WHAT TO DO
Without pictures, return the lines from the one containing "JODIA Logo (USPTO, 08.04.2020)" through the last line of the data below, exactly.

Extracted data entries

BEGIN

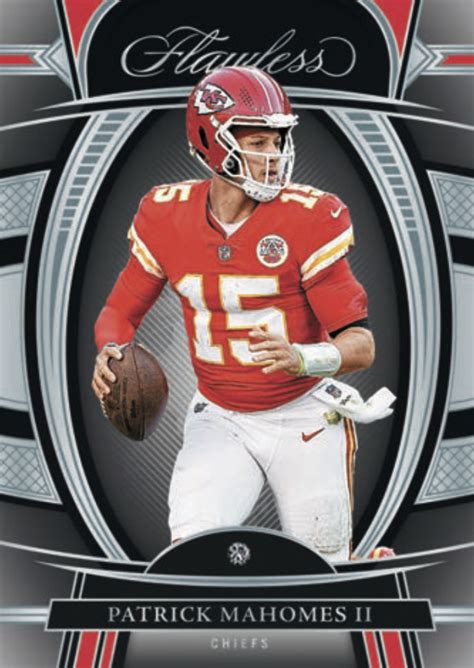 First Buzz: 2022 Panini Flawless football cards / Blowout Buzz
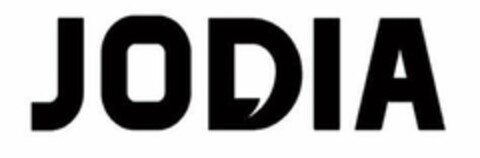 JODIA Logo (USPTO, 08.04.2020)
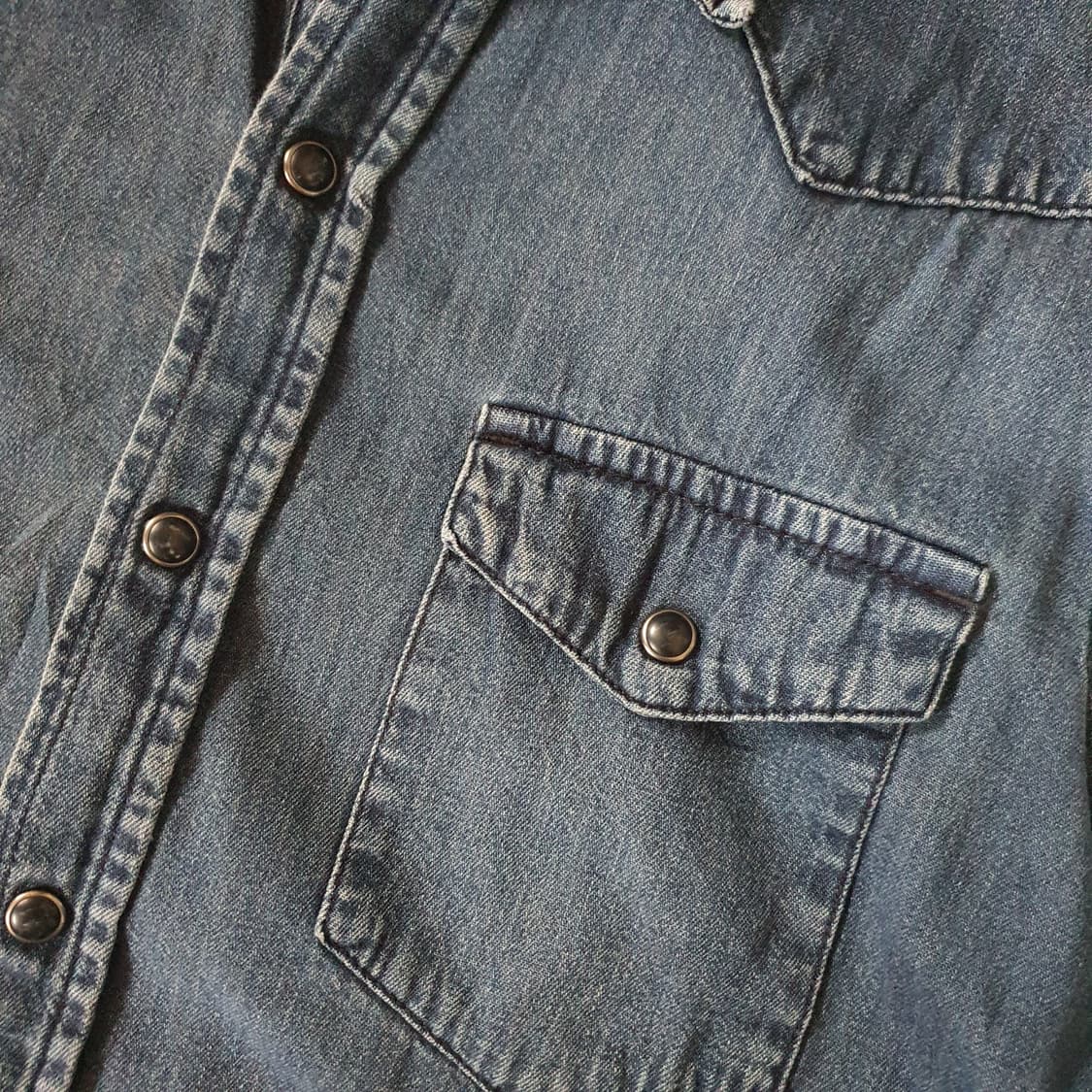 GAP데님 셔츠 no.66 상품이미지4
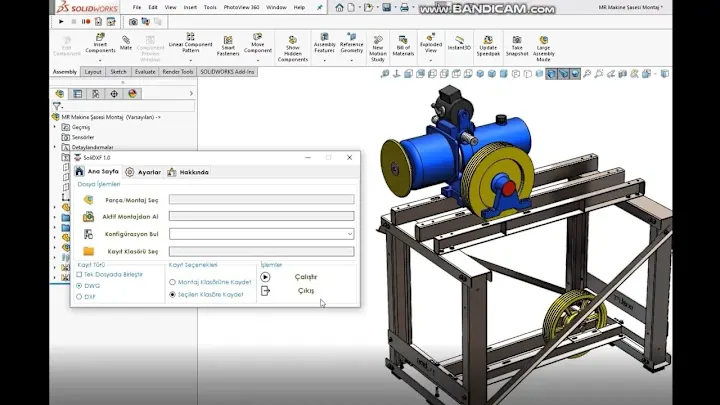 Cover image for Solidxf - Batch Export Dwg/Dxf from Assembly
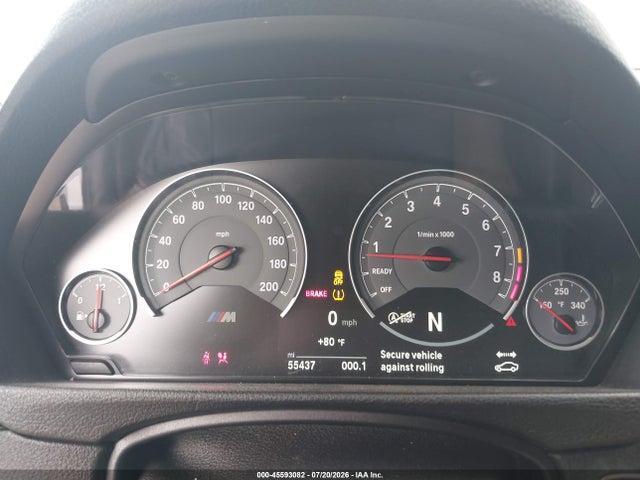 Aukcja sprzedaży 2017 Bmw M4, vin: WBS3R9C34HA014303, numer aukcji: 45593082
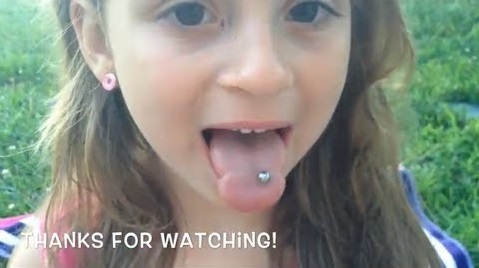 What is the Perfect Age for Someone to Get Their Tongue Pierced?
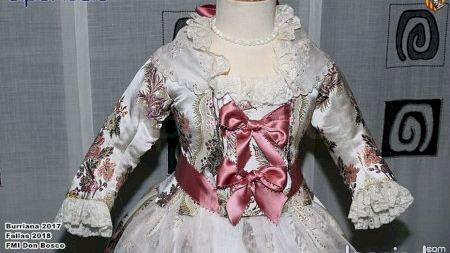 Burriana - Fallas 2018 - F. Don Bosco - "Manifest" Fallera Major Infantil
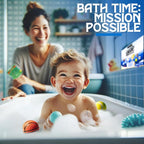 Bath Bombs for Boys with Toys Inside W/Flash Cards - Image 5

END

WRITTEN RESPONSE
 JODIA Logo (USPTO, 08.04.2020)
 GAP데님 셔츠 no.66 상품이미지4
 Cover image for Solidxf - Batch Export Dwg/Dxf from Assembly
 Aukcja sprzedaży 2017 Bmw M4, vin: WBS3R9C34HA014303, numer aukcji: 45593082
 What is the Perfect Age for Someone to Get Their Tongue Pierced?
 Burriana - Fallas 2018 - F. Don Bosco - "Manifest" Fallera Major Infantil
 Bath Bombs for Boys with Toys Inside W/Flash Cards - Image 5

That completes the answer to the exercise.